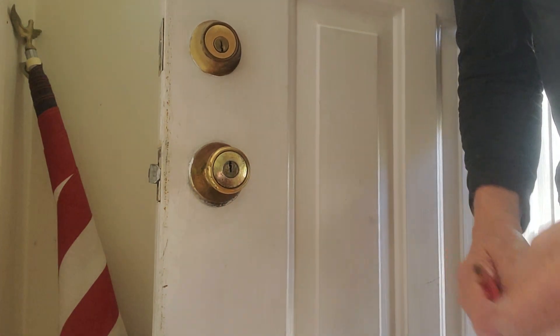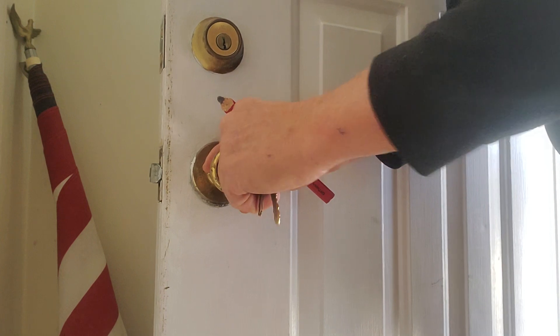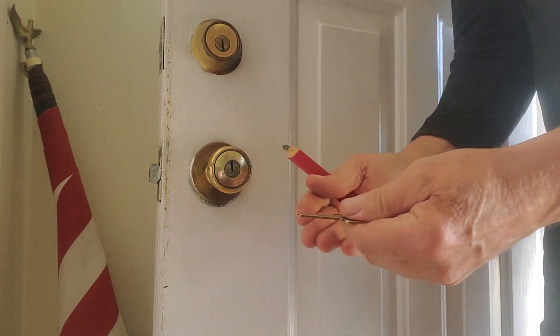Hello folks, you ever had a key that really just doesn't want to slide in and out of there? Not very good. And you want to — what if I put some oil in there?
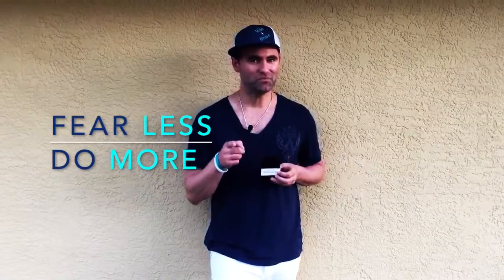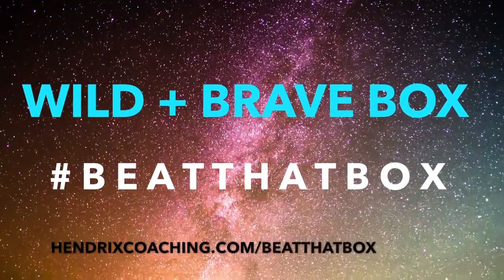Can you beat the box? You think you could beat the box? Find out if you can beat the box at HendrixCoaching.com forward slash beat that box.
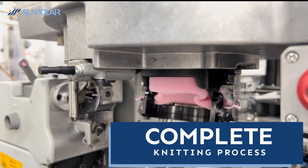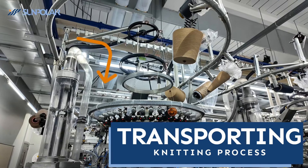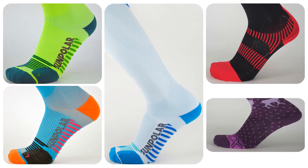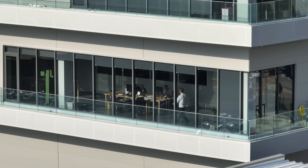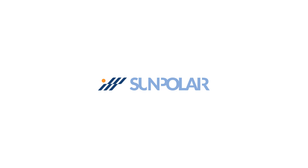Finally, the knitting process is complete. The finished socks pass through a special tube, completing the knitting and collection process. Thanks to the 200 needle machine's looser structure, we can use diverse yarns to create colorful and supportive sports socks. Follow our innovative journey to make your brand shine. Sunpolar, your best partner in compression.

※ ※ ※

▶ **Work request**: Leave the pictures out and copy the rest of the data exactly.

▶ **Reply**:
Hello folks, you ever had a key that really just doesn't want to slide in and out of there? Not very good. And you want to — what if I put some oil in there?
Can you beat the box? You think you could beat the box? Find out if you can beat the box at HendrixCoaching.com forward slash beat that box.
Finally, the knitting process is complete. The finished socks pass through a special tube, completing the knitting and collection process. Thanks to the 200 needle machine's looser structure, we can use diverse yarns to create colorful and supportive sports socks. Follow our innovative journey to make your brand shine. Sunpolar, your best partner in compression.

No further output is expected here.